-- Given data follows --

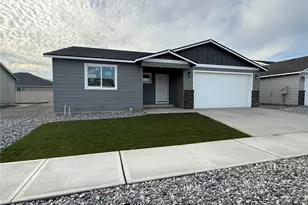 62 Salmon Dr, Wenatchee, WA 98801 - Photo 1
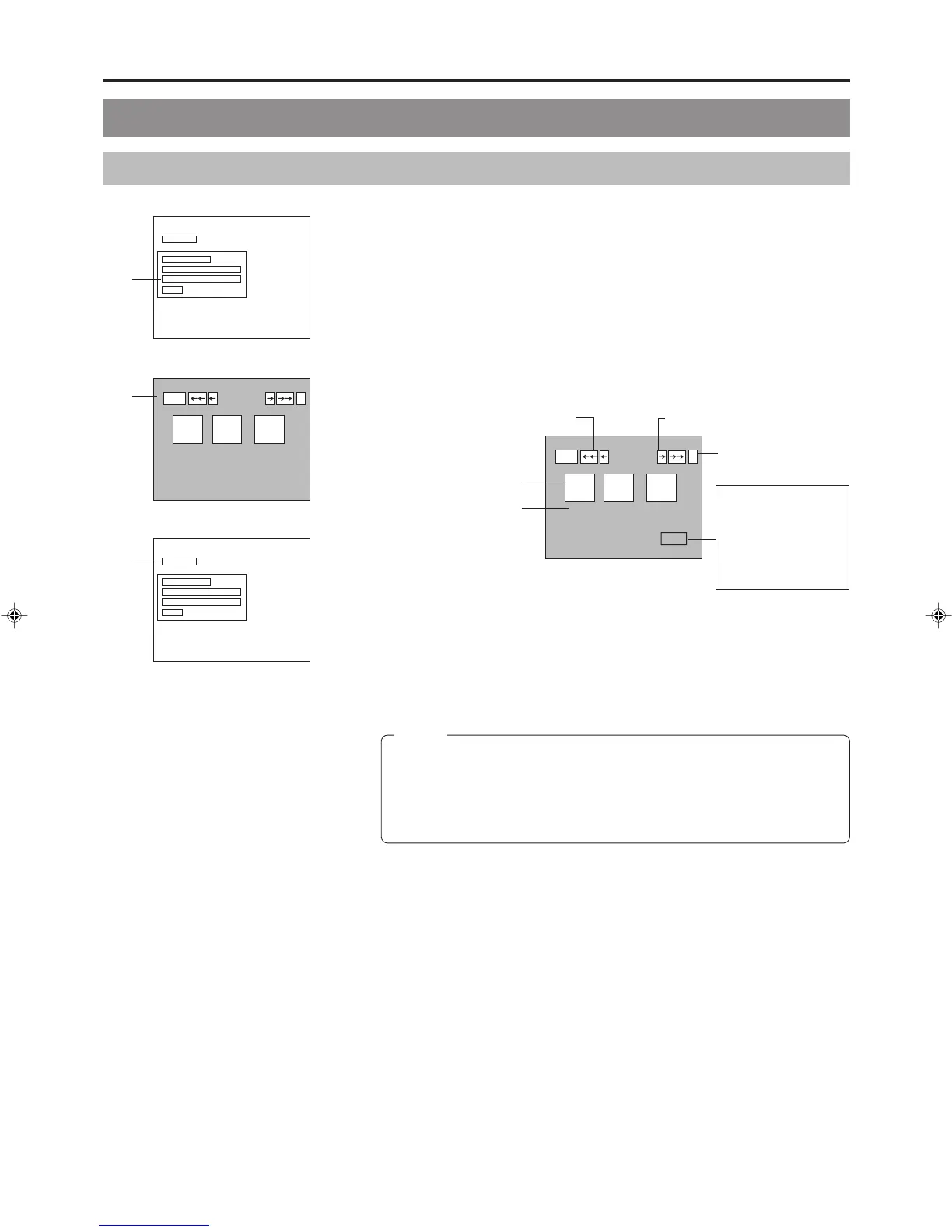 Page #60 background image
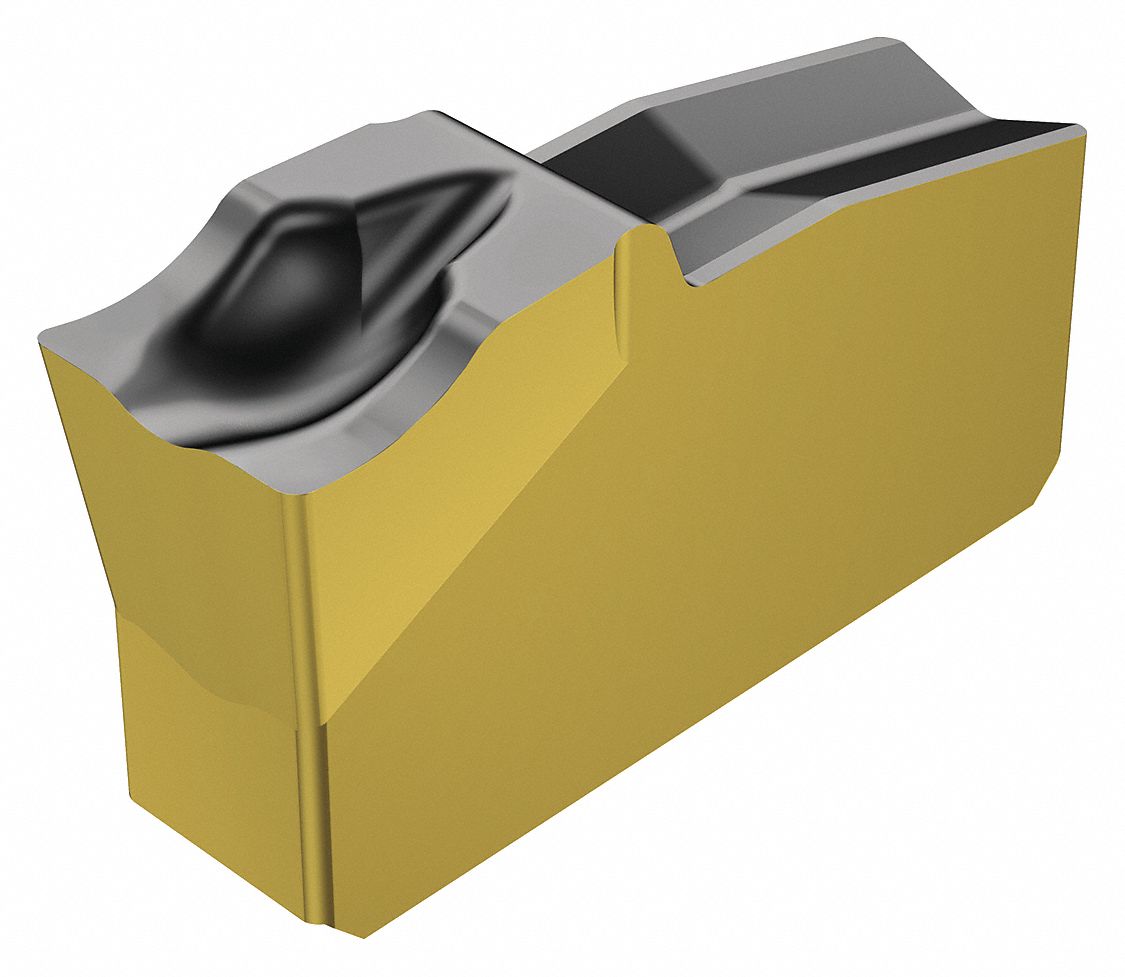 Carbide Part Insert, N151.2-400-5E 4225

-- Given data concluded --

Work task:
Return the material exactly as written, except for any pictures it holds.

Answer to the problem:
 62 Salmon Dr, Wenatchee, WA 98801 - Photo 1
 Page #60 background image
 Carbide Part Insert, N151.2-400-5E 4225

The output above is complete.